В подвиге Царь на самом деле — средство достижения бессмертия.
Ещё вот какая мысль. Другая девочка из той же среды — Лу Саломе, тоже дочь генерала, семья жила в здании Генерального штаба на Дворцовой, в 1882 году, через год после убийства Александра II, Луиза Саломе знакомится в Риме с профессором Ницше.
Демон
Вот кусок из справки, составленной для III Отделения знакомым Нечаева:
Пуцыкович пишет, что у Нечаева «на столе лежало по нескольку раскрытых и заложенных книг», «много времени он жертвовал изучению разных ремёсел: портняжного, сапожного, переплётного и столярного…»
А вот о его характере:
«Как товарищ он был, с одной стороны, хороший товарищ: честный, правдивый, охотно делящийся всем материальным с другими, но, с другой стороны, был несносный, много спрашивающий и ничего о себе не говорящий, всё толкующий в другую сторону, чересчур жестокий в обращении с другими, пренебрегающий приличиями, способный иногда на цинические выходки. Но что всего более было в нем отталкивающего, это его крайний деспотизм относительно образа мыслей. Он мог мириться с тем, что его знакомые имеют понятия, убеждения не такие, как он смотрит на вещи, и действуют не так, как он смотрит и действует. Но он не пренебрегал этими людьми, нет, он, напротив, с непонятною настойчивостью преследовал их, навязывая им своё. Нередко при этом приходилось страдать его личности, но он, кажется, обращал мало на это внимания. И вообще личностью своею он, повидимому, нисколько не дорожил, с нуждою очень легко мирился, никогда не заявлял неудовольствия на своё положение и часто даже говорил: “Мы и так заедаем чужой хлеб”. А когда ему возражали против этого, он обыкновенно ставил вопрос такой: “без нашего ученья те, которых не учим, будут жить так же, как и теперь живут, а мы без них как станем жить?” А в спорах — он засыпал противника фактами, впрочем, часто и неправдоподобными. Да и вообще спорить с ним было трудно: он был хороший диалектик. Эта-то черта и помогала ему много говорить, но ни в чём не высказываться, ставить положения, но не делать выводов, водить других вокруг пропасти, но не показывая её им. Такому своему искусству он и обязан был тем, что от него не все сторонились. Скрытность его простиралась до того, что едва ли кто из самых близких его знакомых мог сказать, откуда он родом, где учился, где был прежде и как попал на то место, которое занимал. Но наоборот: вся жизнь, вся родословная его знакомых были ему известны, — этим, отчасти, он тоже держал около себя».

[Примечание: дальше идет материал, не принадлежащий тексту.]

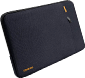tomtoc a13 laptop sleeve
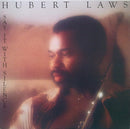 Hubert Laws - Say It With Silence (Vinyle Usagé)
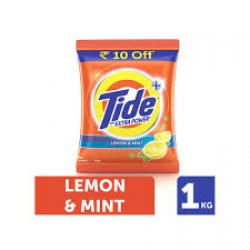 Tide 1 kg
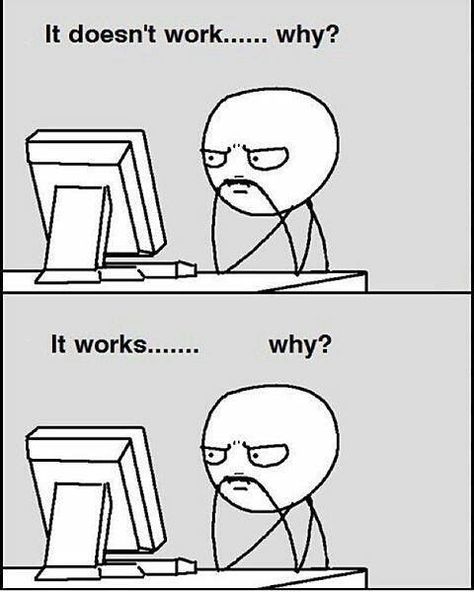 9156ab661f6082b917a342b1c14a5185--programmer-humor-computer-engineering.jpg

А вот Нечаев пишет в одном из его писем:
«Время фразы кончилось — наступает время дела; нечего ждать почина авторитетных умников; на них надежда плоха. Скоро — кризис в России, гораздо сильнее того, что был при объявлении воли обманутому царём народу; или опять наши умники, красноречиво глаголющие и пишущие, остановятся на словах и не бросятся возглавить народные толпы; или опять мужицкая кровь польётся даром и безобразные, неорганизованные, многочисленные массы будут усмирены картечью?»

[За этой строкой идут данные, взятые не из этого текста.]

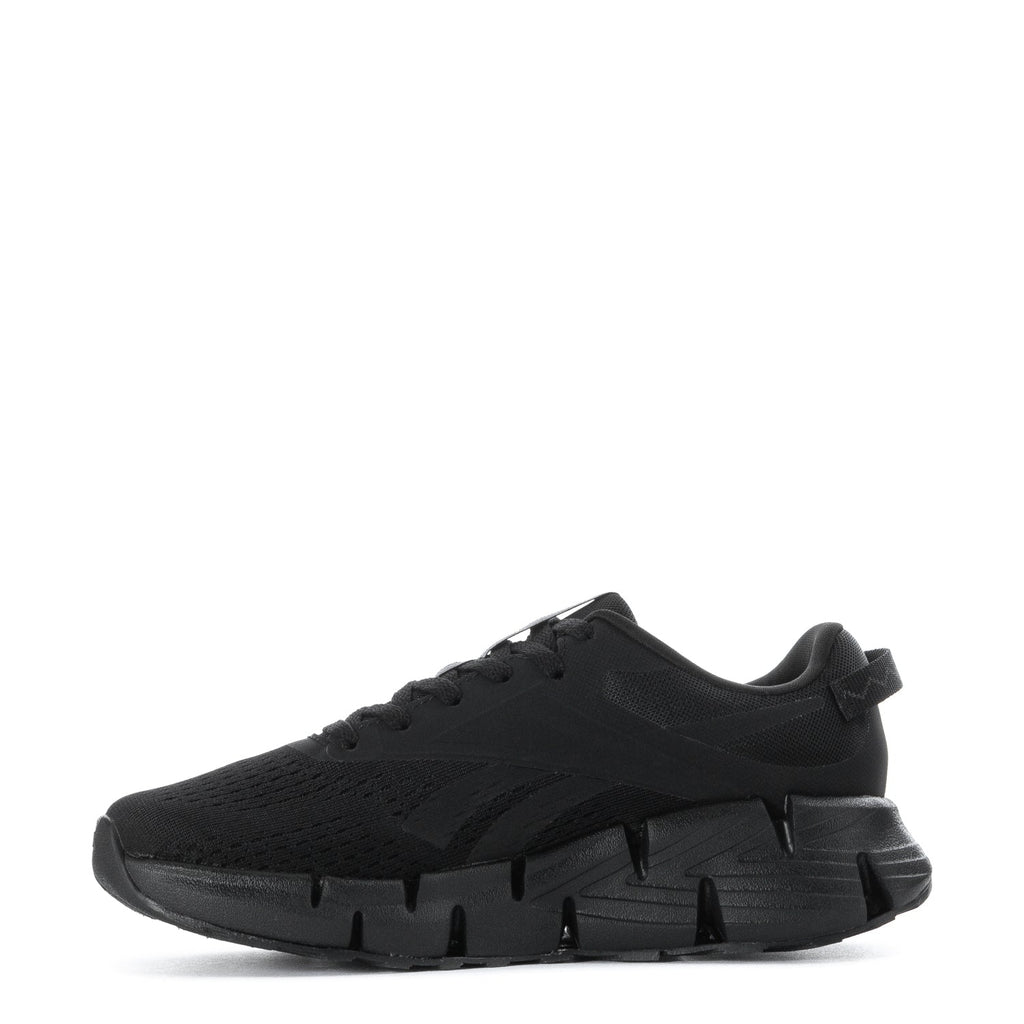 REEBOK Zig Dynamica - Youth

А вот уже из «Катехизиса революционера»:
§ 25. «…сближаясь с народом, мы прежде всего должны соединиться с теми элементами народной жизни, которые со времени основания московской государственной силы не переставали протестовать не на словах, а на деле против всего, что прямо или косвенно связано с государством: против дворянства, против чиновничества, против попов, против гилдейского мира и против кулака-мироеда. Соединимся с лихим разбойничьим миром, этим истинным и единственным революционером в России».
§ 14. «С целью беспощадного разрушения революционер может, и даже часто должен, жить в обществе, притворяясь совсем не тем, что он есть. Революционеры должны проникнуть всюду, во все высшия и средние сословия, в купеческую лавку, в церковь, в барский дом, в мир бюрократский, военный, в литературу, в третье отделение и даже в Зимний дворец».
§ 15. «Всё это поганое общество должно быть раздроблено на несколько категорий. Первая категория — неотлагаемо осуждённых на смерть. Да будет составлен товариществом список таких осуждённых по порядку их относительной зловредности для успеха революционного дела, так, чтобы предыдущие номера убрались прежде последующих».
§ 16. «… должно руководствоваться отнюдь не личным злодейством человека, ни даже ненавистью, возбуждаемой им в товариществе или в народе.
Это злодейство и эта ненависть могут быть даже отчасти и… полезными, способствуя к возбуждению народного бунта. Должно руководствоваться мерою пользы, которая должна произойти от его смерти для революционного дела…»
§ 1. «Революционер — человек обречённый. У него нет ни своих интересов, ни дел, ни чувств, ни привязанностей, ни собственности, ни даже имени. Всё в нём поглощено единственным, исключительным интересом, единою мыслью, единою страстью — революцией».